Re: Register allocation issues

2007-09-06 Thread Matt Lee
On 9/6/07, David Edelsohn [EMAIL PROTECTED] wrote:
  Matt Lee writes:

 Matt The problem is, that though the loads can be optimized by pipelining
 Matt them. The register allocator has created a dependency by using only r3
 Matt and r4, instead of using the other volatiles.

 GCC's register allocator currently is designed to minimize the
 number of hard registers.  As Ian mentioned, -frename-registers tries to
 perform register renaming with available registers after register
 allocation.  As they say, Your Mileage May Vary.

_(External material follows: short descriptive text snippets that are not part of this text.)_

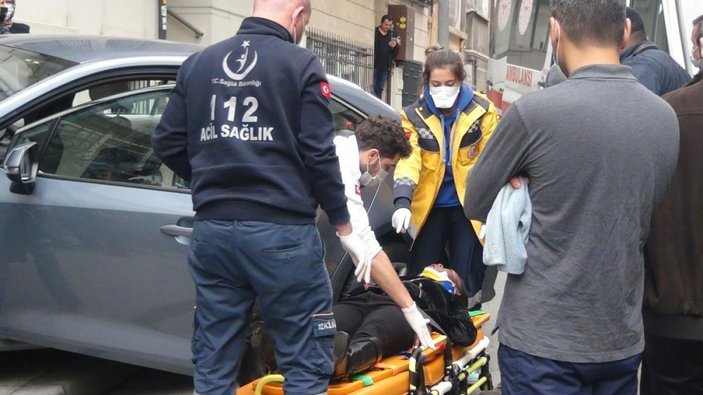 İstanbul’da fren yerine gaza basan kadın, yaşlı adama çarptı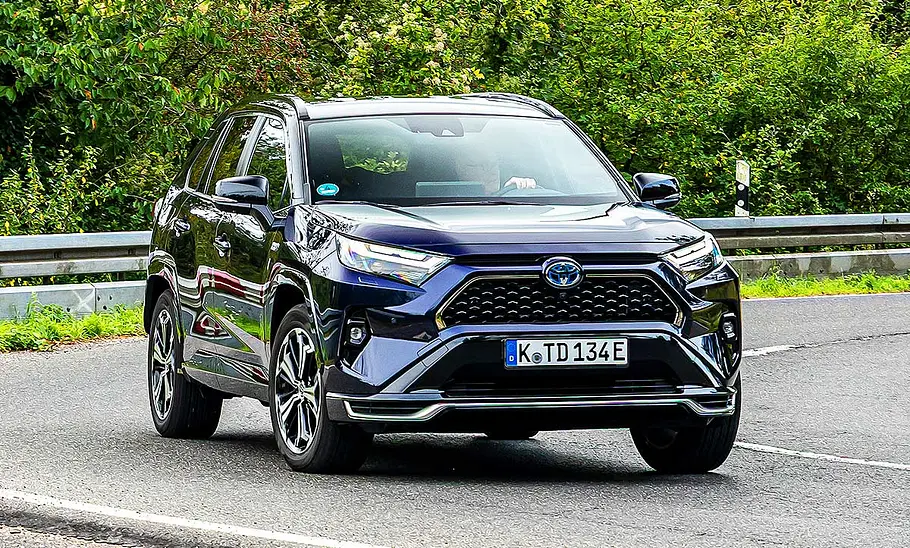 Blick von schräg vorne auf den fahrenden Toyota RAV4.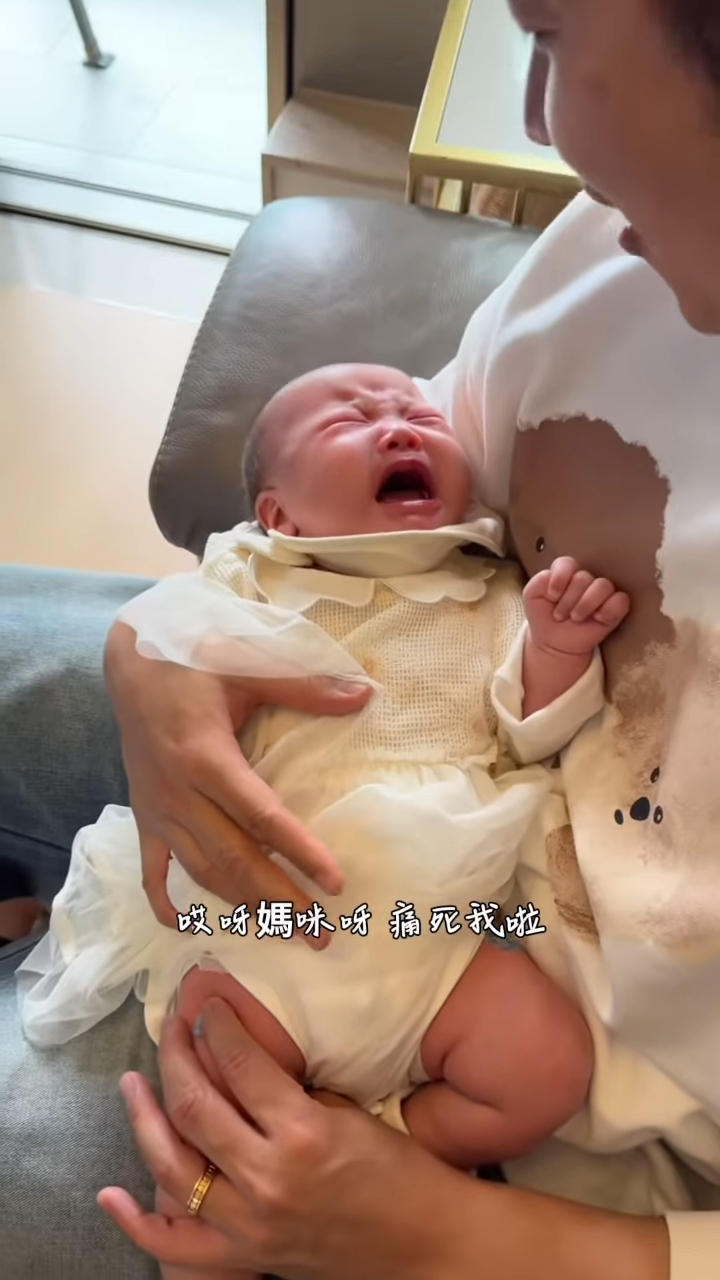 并一边用手轻拍女儿背部说:「哎呀妈咪呀,痛死我啦,点解仲未完㗎!我真系太难了,这个我心痛死了,妈咪就话坚持一下就可以」,尽现父爱爆棚一面。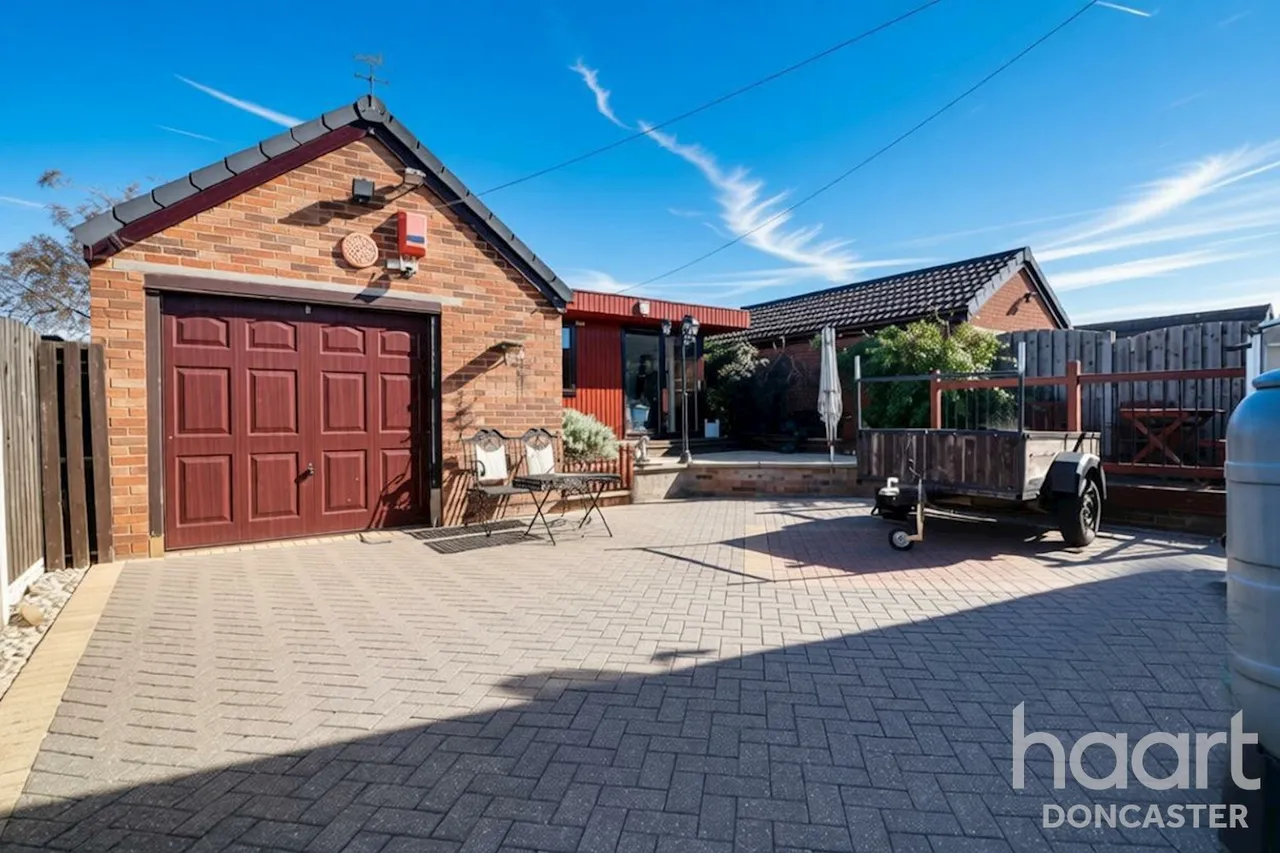 Broadwater Drive, Dunscroft, DN7, photo 4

There is no point trying to minimize usage of volatile hard registers,
is there? They are precisely there to be used up as much as needed.
The function is a leaf procedure as well, so there are no other
considerations. Lastly, architectures like PPC do make use of more
registers (without -frename-registers), so there has to be something
in the PPC back-end that allows for the liberal use or in mine that
prevents such.

-- 
thanks,
Matt


Re: Register allocation issues

2007-09-06 Thread Matt Lee
On 9/6/07, Dave Korn [EMAIL PROTECTED] wrote:
 On 05 September 2007 23:47, Matt Lee wrote:

  Registers r3 to r12 are volatiles. However, for the C code below,
 
  struct foo {
  int a[4];
  } ;
 
  struct foo p, q;
 
  void func ()
  {
  memcpy (p, q, sizeof (struct foo));
  }
 
  I am getting a instruction sequence for func() such as,
 
  load r3, q + 0
  load r4, q + 4
  store r3, p + 0
  store r4, p + 4
  load r3, q + 4
  load r4, q + 8
  store r3, p + 4
  store r4, p + 8
 
  The problem is, that though the loads can be optimized by pipelining
  them. The register allocator has created a dependency by using only r3
  and r4, instead of using the other volatiles.

   Does your backend define a movdi pattern?



Yes it does. But in this case, these are word-by-word moves from
memory to memory and make use of only movsi.
-- 
thanks,
Matt


Re: Register allocation issues

2007-09-06 Thread Matt Lee
On 9/6/07, [EMAIL PROTECTED] [EMAIL PROTECTED] wrote:
  Matt Lee writes:
 Date: Thu, 06 Sep 2007 15:02:52 -0400
 From: David Edelsohn [EMAIL PROTECTED]

 Matt There is no point trying to minimize usage of volatile hard registers,
 Matt is there? They are precisely there to be used up as much as needed.
 Matt The function is a leaf procedure as well, so there are no other
 Matt considerations. Lastly, architectures like PPC do make use of more
 Matt registers (without -frename-registers), so there has to be something
 Matt in the PPC back-end that allows for the liberal use or in mine that
 Matt prevents such.

 GCC RA mostly is tuned for IA-32 with very few registers.

 The rs6000 port defines the movmemsi pattern calling
 expand_block_move() which generates many intermediate pseudos.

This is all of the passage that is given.